The reality for many working women in the early Twentieth Century, especially for those that worked in mills and factories, was confinement to jobs that regularly exploited them. They worked as much as 70 hours a week for three dollars or less. It’s important that we never forget that part of women's history.
The female gender has paid its price and earned its place in the American workforce; nothing was given to us. Women even played an active role in the unionization of American workers. The price of our inclusion was high, and some women lost their lives in the process.
Triangle Shirtwaist Factory
The site of the first major strike of women workers in the US was the Triangle Shirtwaist Factory.
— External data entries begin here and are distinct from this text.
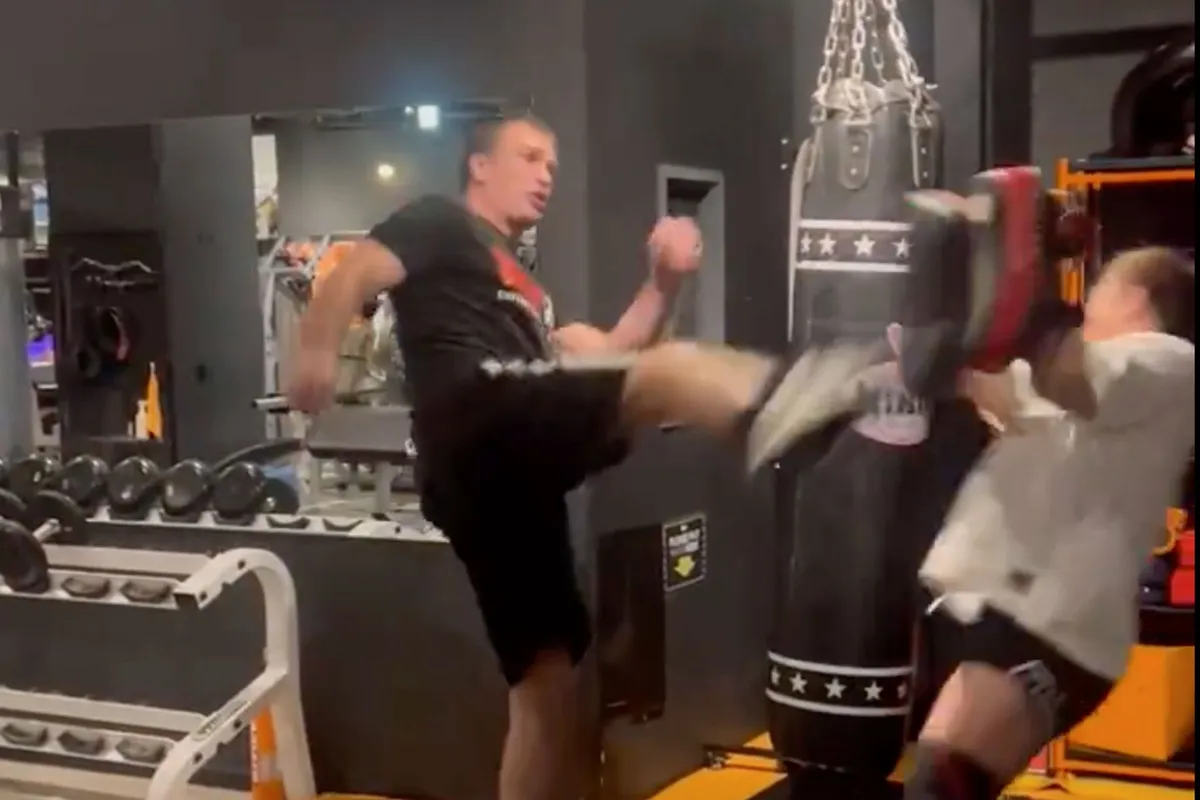 🎥 K-1 legende Peter Aerts trapt Japanner door sportschool: 'Kan het nog steeds'
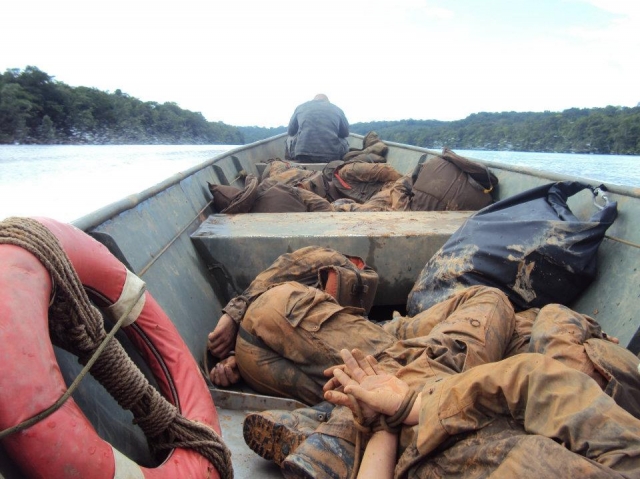 Captured and bound : French soldiers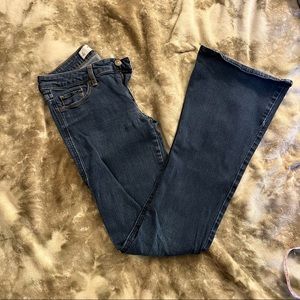 3/$15 💜 Size 26 A&F Jeans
In the early 20th Century, hazardous working conditions were the norm in American industry, and the Triangle Shirtwaist Factory wasn’t an exception. Its overcrowded working conditions, poor ventilation system, and dangerous machinery initiated a local union strike against Triangle.
National feminist figures like Lillian Wald (photo, left) spoke in support of the strike at NY rallies. A spirit of solidarity grew throughout New York's clothing factories and in the fall of 1909 a general strike was called. Twenty thousand workers (4/5 of them women) walked off their jobs.
A strike limited to one company became the first large scale strike of women workers in American history. Unfortunately, although the strike was able to secure a small wage increase, union demands for increased fire safety were not addressed. This was a failure that had tragic consequences less than two years later.
Major Industrial Disaster
The New York City Triangle Shirtwaist Factory Fire on Saturday, March 25, 1911, is one of the largest documented industrial disasters in
America’s history. It was marked as the worst workplace disaster in New York City until the tragic events of 9/11. Many workers lost their lives, most of them were women. (The photo on the right is of a fire truck responding to the blaze.)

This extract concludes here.